Set down, word for word, the line with "Panoramic view on" and the lines after it through the final line of the data below, without pictures.

▶ _DATASET RECORDS_

══════════════════════════════

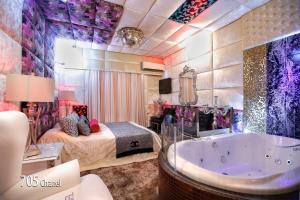 un bagno con vasca e una camera con letto di Hotel Priamos-Αdults Only ad Atene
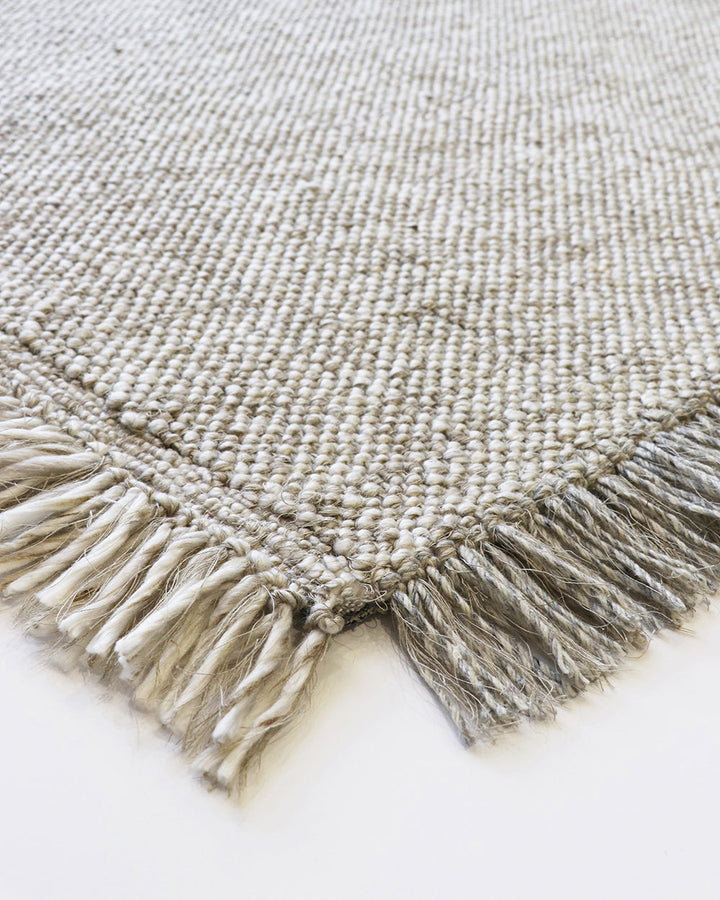 Ulster Floor Rug Create a casual yet refined interior with the subtle texture of the Ulster. Wool and linen fibres are handwoven in a classic 1-1 structure, which are blended in a contemporary monochrome colourway. Two-tone fringing finishes the design, s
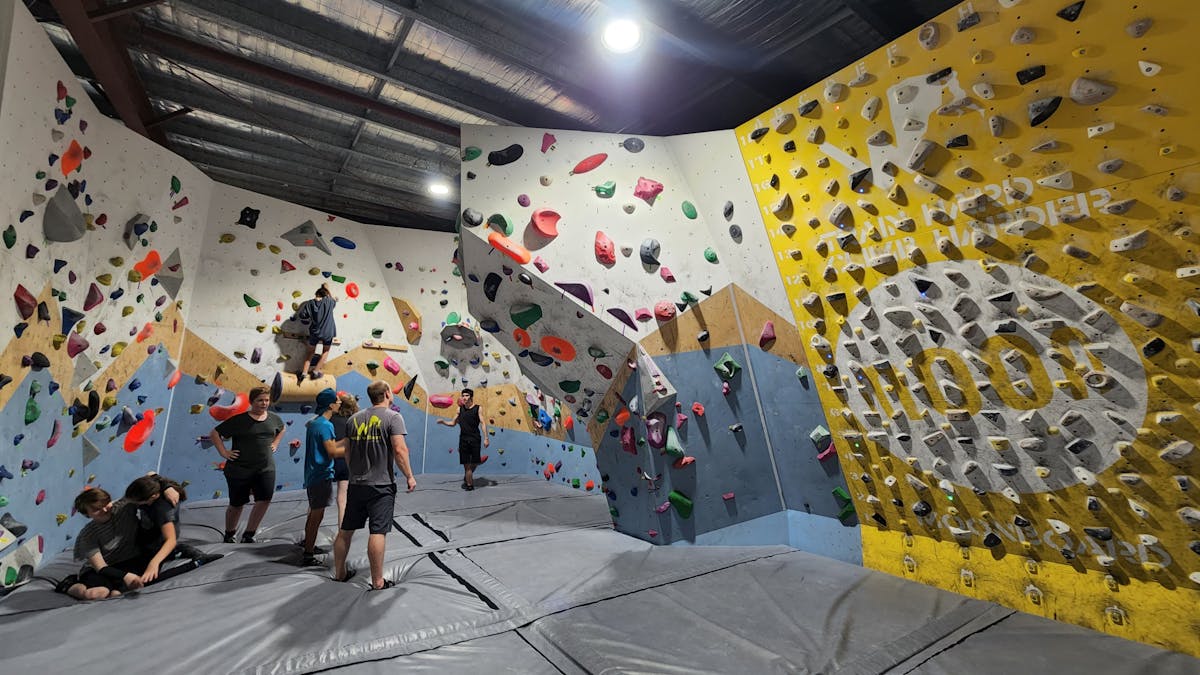 A lot of climbers standing on the climbing mat with some people climbing on the wall at Wall Walkers A lot of climbers standing on the climbing mat with some people climbing on the wall at Wall Walkers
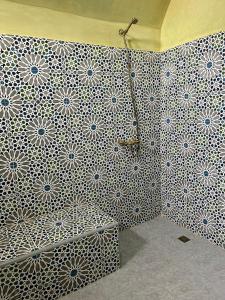 La salle de bains est pourvue d'un mur aux motifs blancs et bleus. dans l'établissement Riad Aïcha Addi - Poolside - Traditional Moroccan, à Essaouira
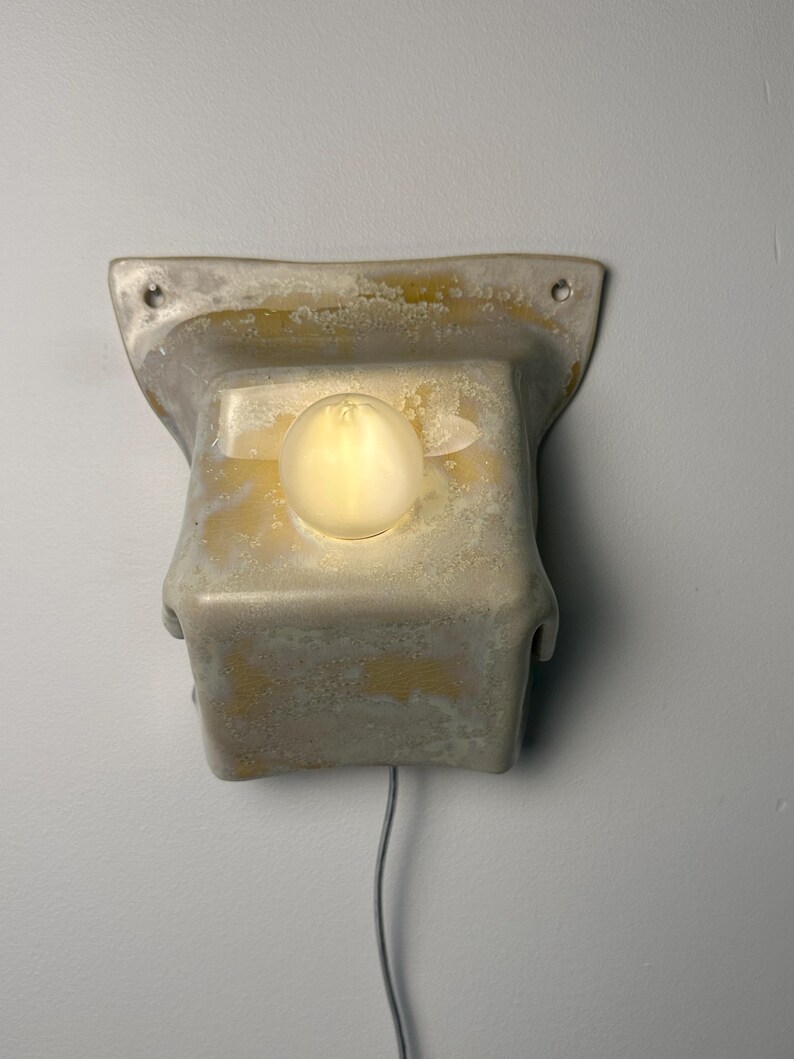 May include: A wall-mounted light fixture featuring a textured, off-white and yellow mottled ceramic housing with a flared top edge and two mounting holes. A single, round, glowing light bulb is centered on the front face, with a thin cord extending.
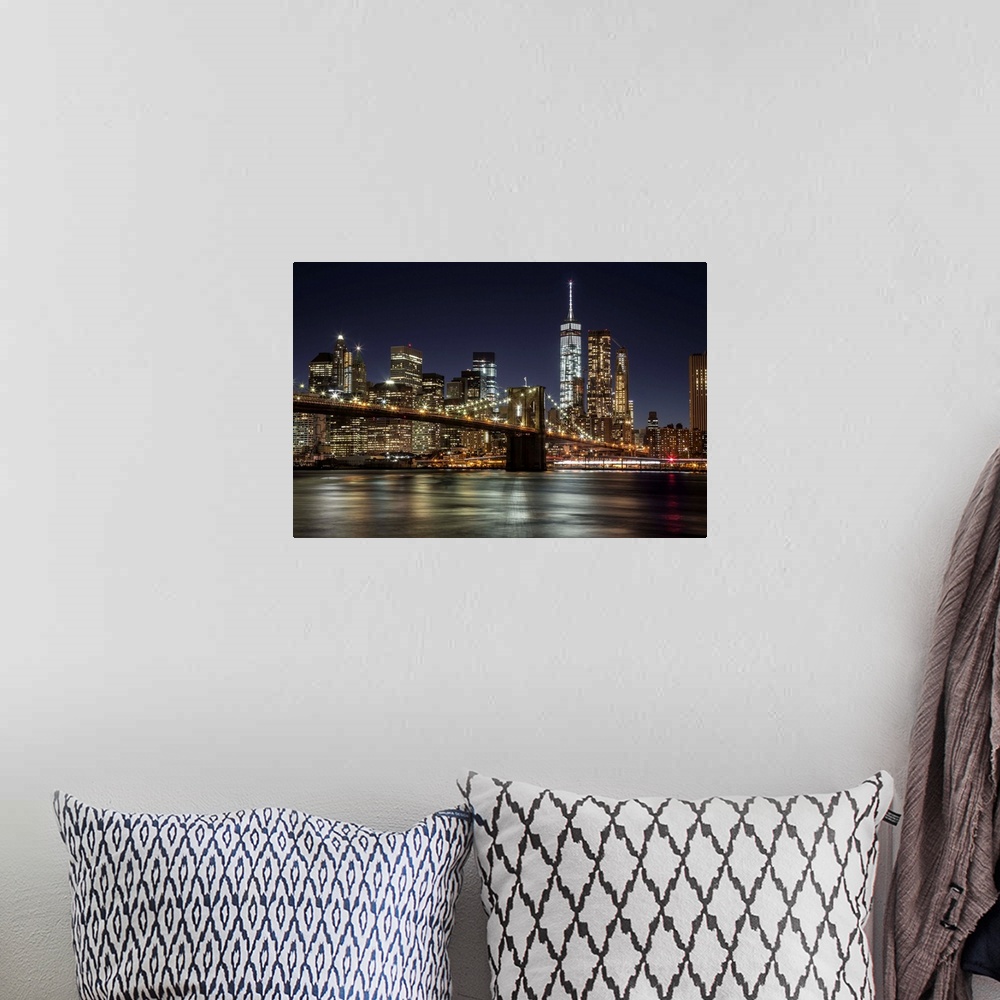 A bohemian room featuring The Brooklyn Bridge and view of NYC after dark.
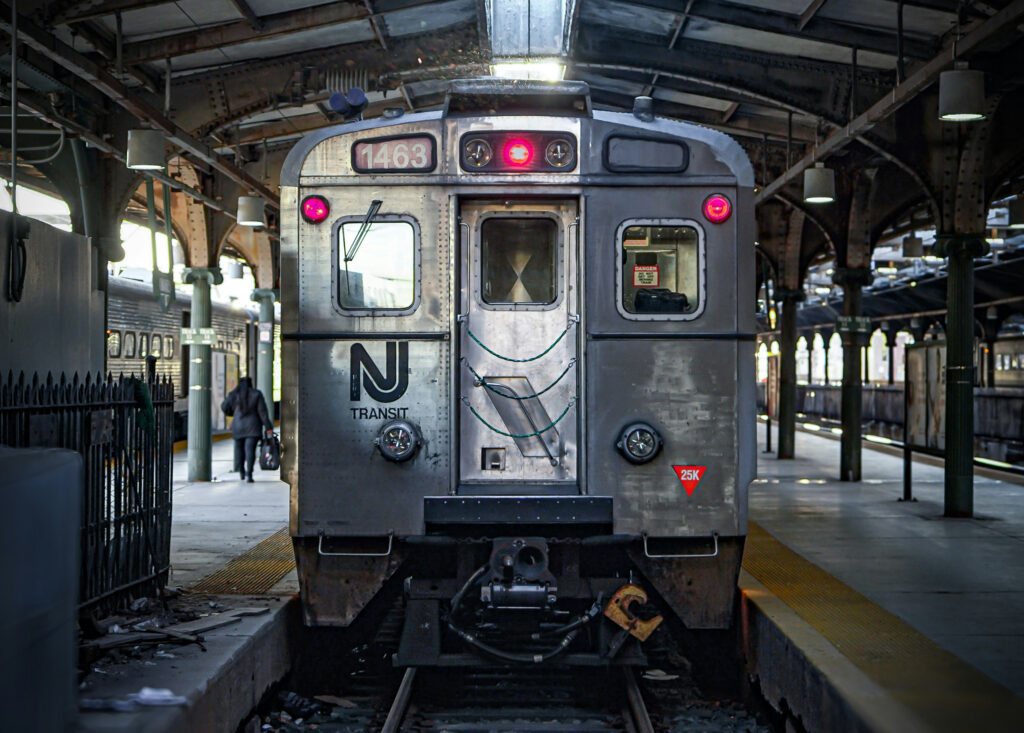 an NJ Transit train sits in the station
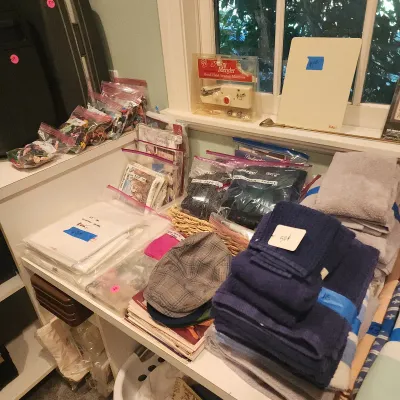 Assortment of household linens, sewing notions, craft supplies, and accessories, including a vintage Mini Mender hand-held sewing machine.
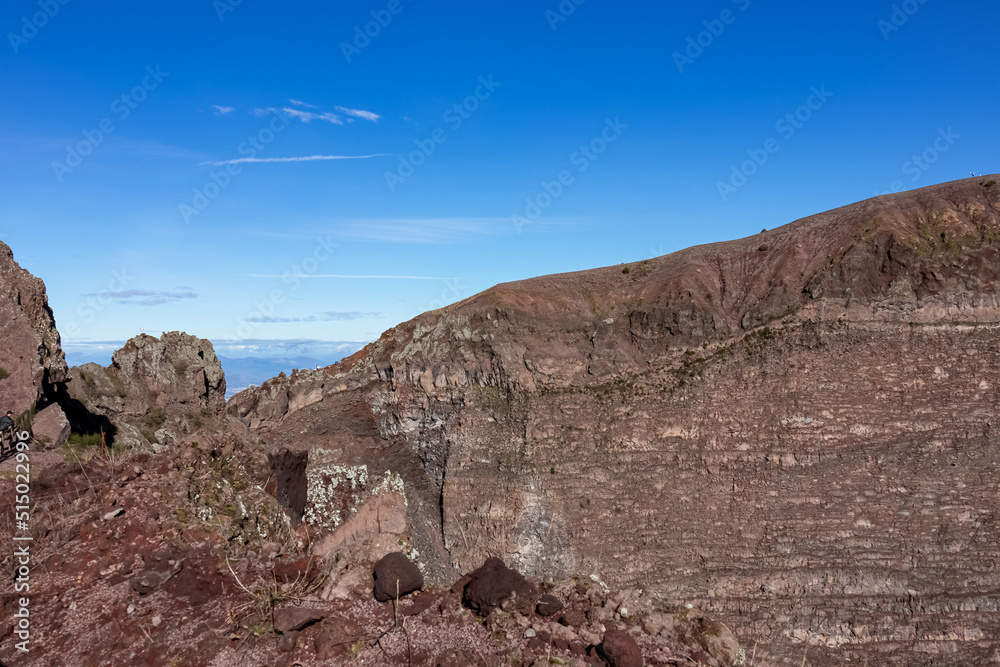 Panoramic view on the edge of the active volcano crater of Mount Vesuvius, Province of Naples, Campania region, Southern Italy, Europe, EU. Volcanic landscape full of stones, ashes and solidified lava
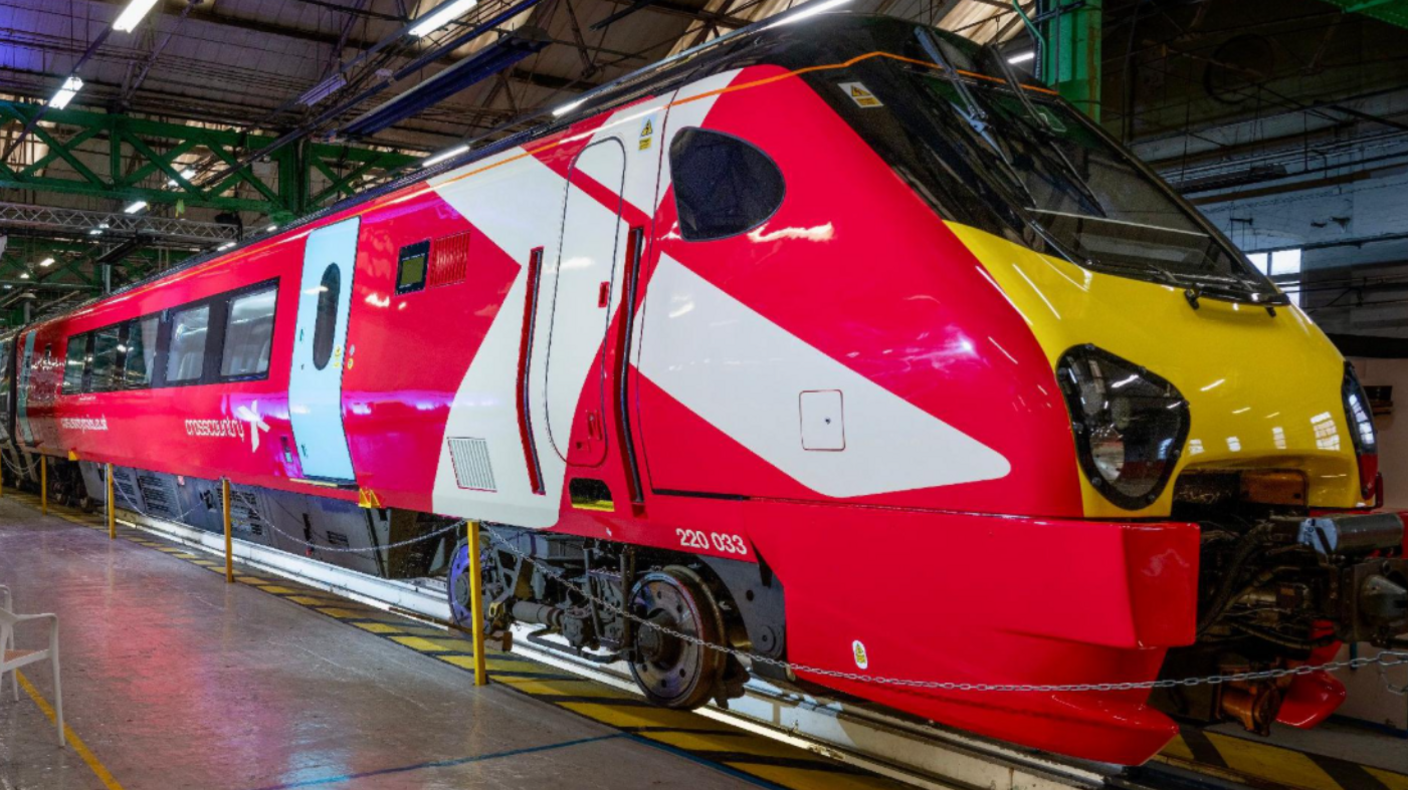 An image of a refurbished CrossCountry Voyager train inside a warehouse at a launch event. The train is mainly red, with a white X, which is partially on the driver's door.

══════════════════════════════

▶ _TASK OUTPUT_
 Panoramic view on the edge of the active volcano crater of Mount Vesuvius, Province of Naples, Campania region, Southern Italy, Europe, EU. Volcanic landscape full of stones, ashes and solidified lava
 An image of a refurbished CrossCountry Voyager train inside a warehouse at a launch event. The train is mainly red, with a white X, which is partially on the driver's door.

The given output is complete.